La señora VICEPRESIDENTA (Cunillera i Mestres): Gracias, señor Llamazares.


Señor ministro.


El señor MINISTRO DE ASUNTOS EXTERIORES Y DE COOPERACIÓN (Moratinos Cuyaubé): Gracias, presidenta.


Señor Llamazares, yo comprendo y comparto su preocupación por encontrar una solución; de hecho ayer hubo una proposición no de ley que votó toda la Cámara excepto el Grupo Parlamentario Popular, que se abstuvo. El Gobierno comprende que usted piense en utilizar todos los instrumentos, pero volvemos a señalar que corresponde al Gobierno llevar a cabo todas las actuaciones, y es lo que ha hecho el Gobierno desde que la señora Haidar fue expulsada de El Aaiún. Hemos utilizado en primer lugar todos los resortes bilaterales con Marruecos. He tenido ocasión de hablar prácticamente todos los días manifestando nuestro rechazo, nuestra condena y nuestra voluntad de solución a las autoridades de Marruecos.
Hemos acudido a todas las instancias internacionales, desde el propio secretario general de la ONU. No ha habido otros actores, ha sido el Gobierno de España, he sido yo mismo quien he tenido ocasión de conversar con el secretario general de Naciones Unidas, con la alta comisionada de Derechos Humanos, con el señor Guterres, del Acnur, con el presidente del Consejo de Europa, con todos aquellos países que tienen capacidad de negociación y de solución del caso. Por tanto, vamos a seguir utilizando toda nuestra capacidad diplomática y como ha señalado el presidente del Gobierno, vamos a seguir utilizando todos nuestros instrumentos para encontrar, esperamos, cuanto antes una solución al caso Haidar.
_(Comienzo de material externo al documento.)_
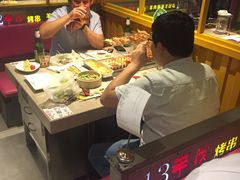 -丰茂烤串(钦州北路店)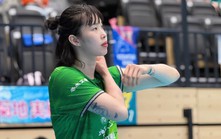 Trần Thị Thanh Thúy giành cú đúp danh hiệu tại cúp VTV9 Bình Điền 2026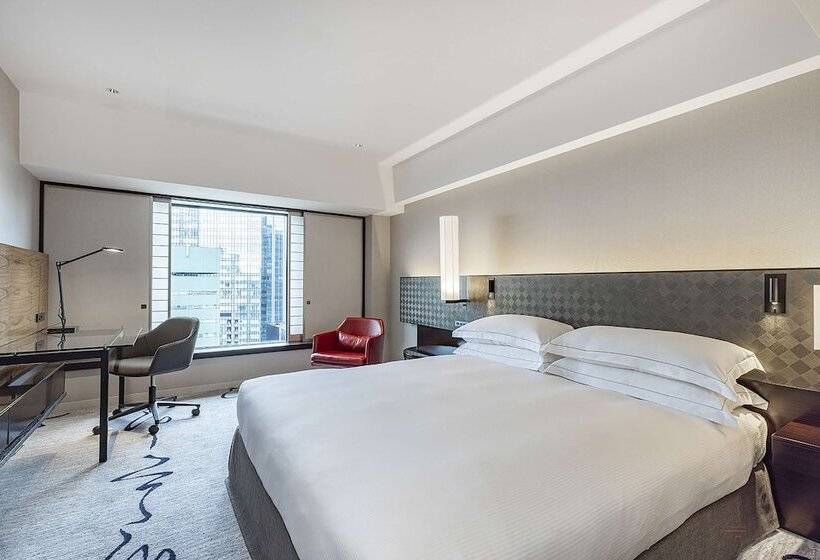 Pokój Premium, Hilton Tokyo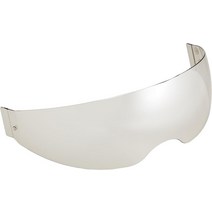 오지 케이카 부트 (OGK KABUTO) CM-2 이너 선 쉐이드 실버 미러 62960, 03 블루 미러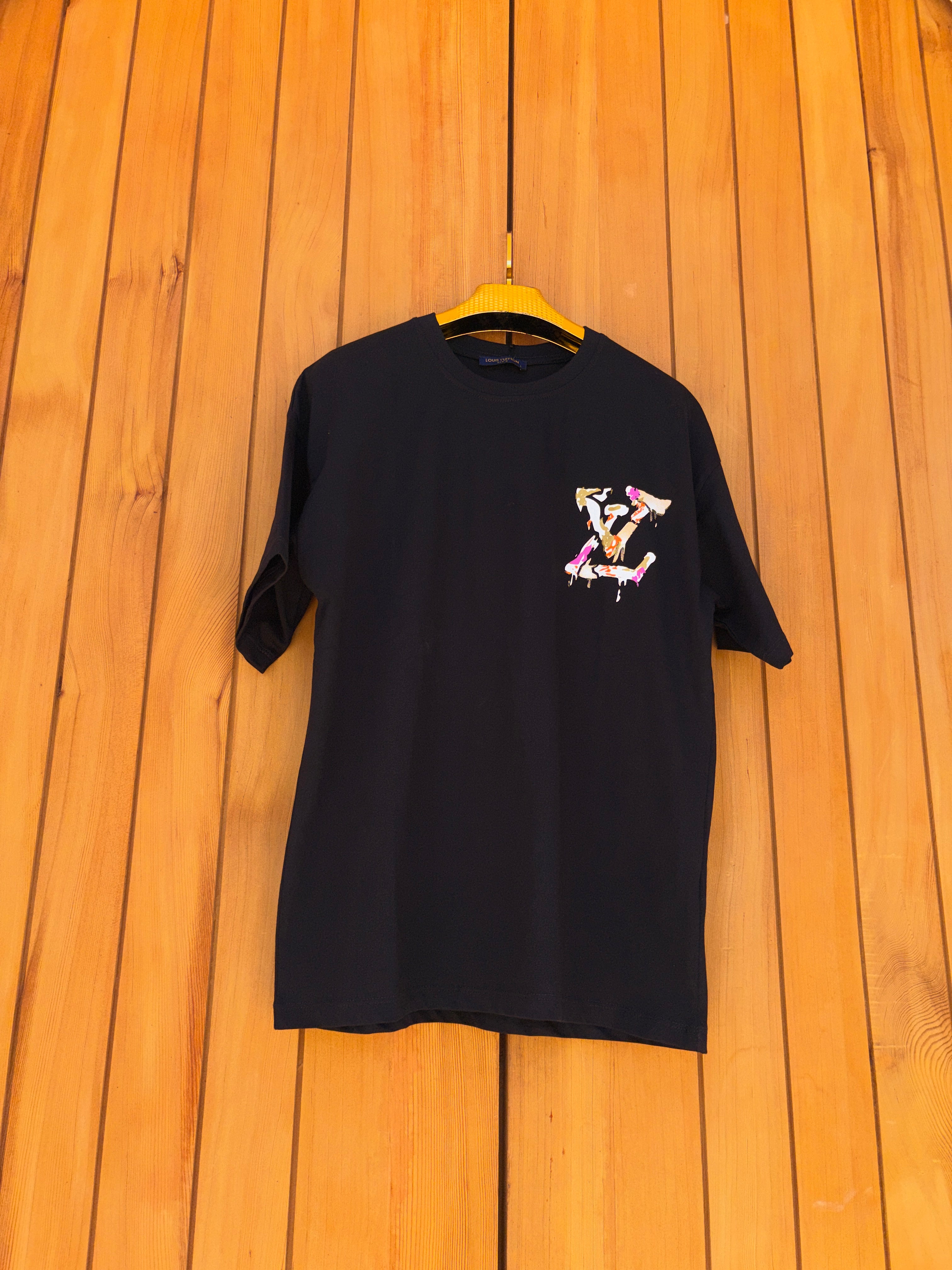 Tshirt Oversize LUIS VUITTON Noire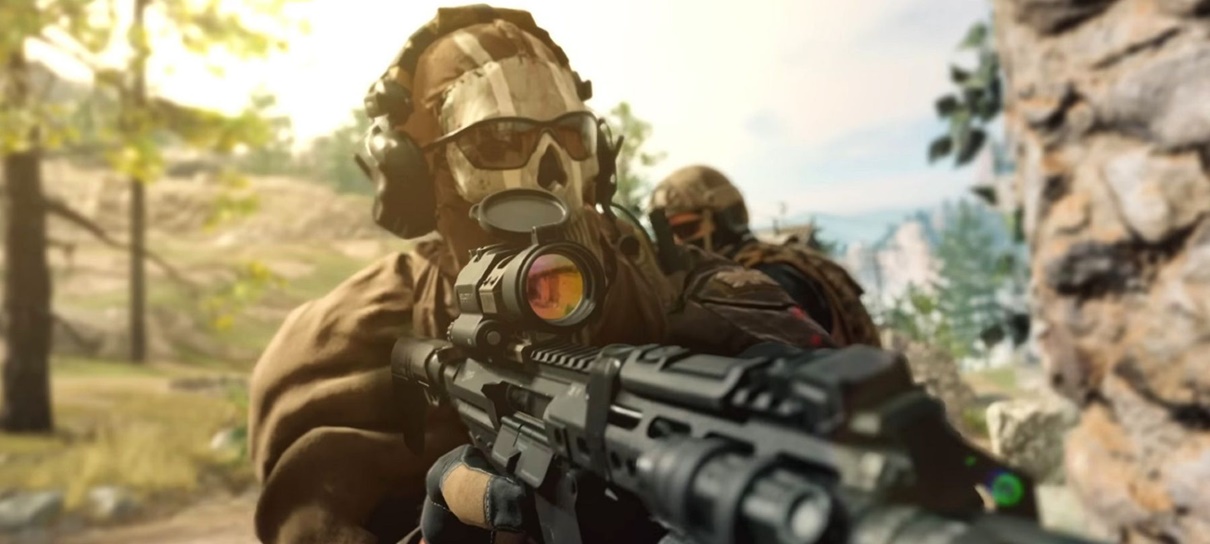 Microsoft fecha acordo para levar Call of Duty aos consoles Nintendo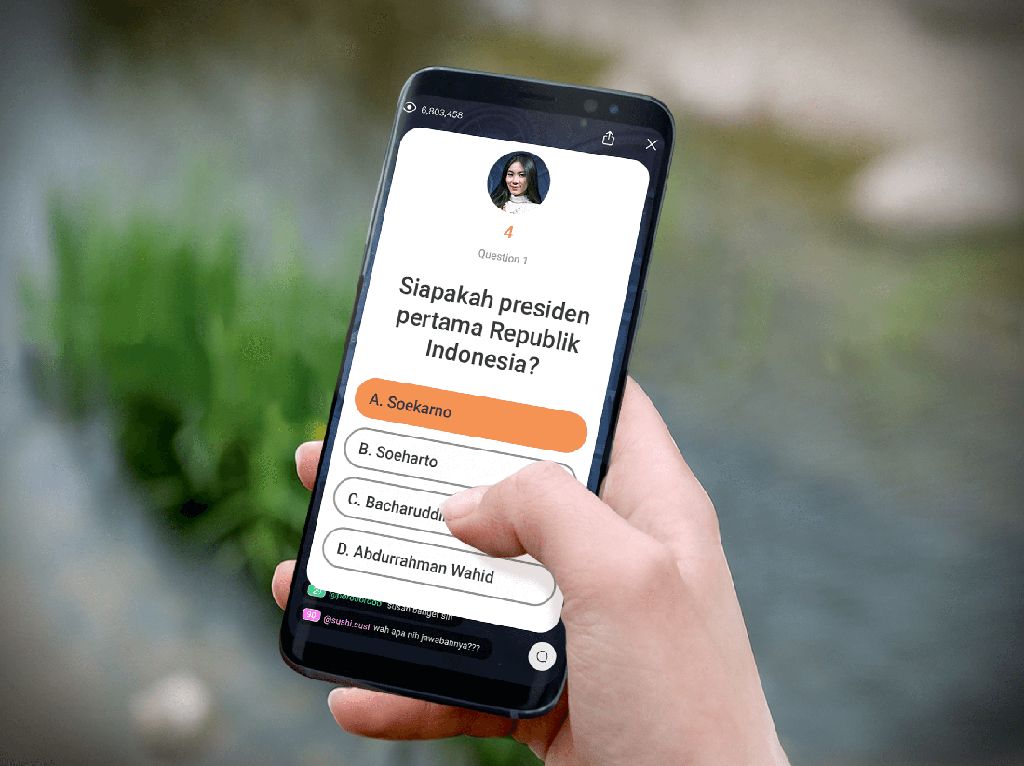 Cara Aplikasi Streaming Ini Kembangkan Konten Positif Cara Aplikasi Streaming Ini Kembangkan Konten Positif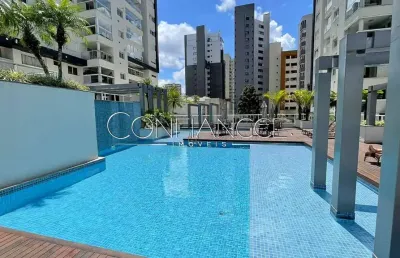 Apartamento com 3 quartos à venda na rua romédio dorigo, 85, água verde, curitiba, 183 m2 por r$ 1.490.000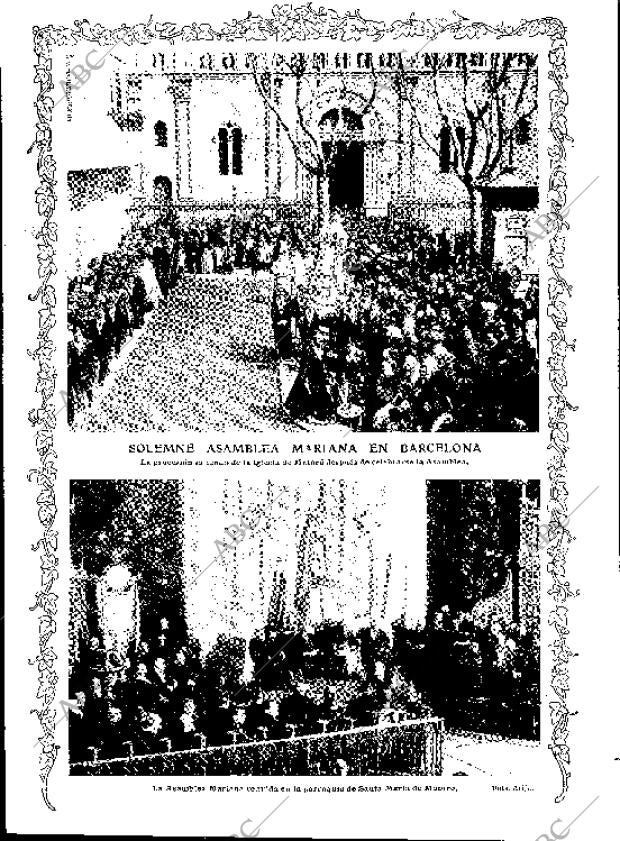 BLANCO Y NEGRO MADRID 30-03-1913 página 22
Le diré que no se preocupe del impacto en la política exterior y del impacto en la situación del Sáhara Occidental, porque el Gobierno siempre ha mantenido una posición clara, firme y comprometida en la defensa del pueblo saharaui, en la defensa de una solución justa que permita acceder a la libre autodeterminación al pueblo saharaui, pero al mismo tiempo manteniendo una buena relación con Marruecos, y lo que vamos a conseguir durante este periodo es demostrar esa relación. Puedo indicarle que incluso los actores internacionales, incluso el secretario general del Frente Polisario han agradecido los esfuerzos del Gobierno español. Por tanto, estamos...(Aplausos.)

La señora VICEPRESIDENTA (Cunillera i Mestres): Lo siento, señor ministro, ha acabado su tiempo.


- DEL DIPUTADO DON GUSTAVO MANUEL DE ARÍSTEGUI SAN ROMÁN, DEL GRUPO PARLAMENTARIO POPULAR EN EL CONGRESO, QUE FORMULA AL SEÑOR MINISTRO DE ASUNTOS EXTERIORES Y DE COOPERACIÓN: ¿CONSIDERA QUE ESPAÑA SE HA FORTALECIDO COMO CONSECUENCIA DE LA POLÍTICA EXTERIOR DE SU GOBIERNO? (Número de expediente 180/000824.)

La señora VICEPRESIDENTA (Cunillera i Mestres): Pregunta del diputado señor De Arístegui San Román.


El señor DE ARÍSTEGUI SAN ROMÁN: Muchas gracias, señora presidenta.


Ayer el Gobierno socialista de España culminó el más difícil todavía.
Grandes bandazos de ayer y de hoy representan la política exterior de España: hoy digo una cosa y al día siguiente otra; giros de 180 grados, tratar de convertir la política exterior -que es quizá la más de Estado de todas- en un instrumento fundamental, en el eje esencial de la política electoralista, tacticista, cortoplacista y miope del Gobierno socialista. Tienen ustedes la manía de mirar por el retrovisor constantemente y eso acabará sacándoles de la calzada -ya vamos casi campo a través-, pero sepa, señor ministro, que, francamente, ustedes no han sido capaces de arreglar nada en política exterior. Estamos perdidos, estamos a la deriva. Si ven las encuestas, han sufrido una gravísima erosión en la izquierda de su partido como consecuencia del caso Haidar y eso es lo que ahora les permite a ustedes hacer ese rocambolesco cambio de 180 grados que vimos ayer.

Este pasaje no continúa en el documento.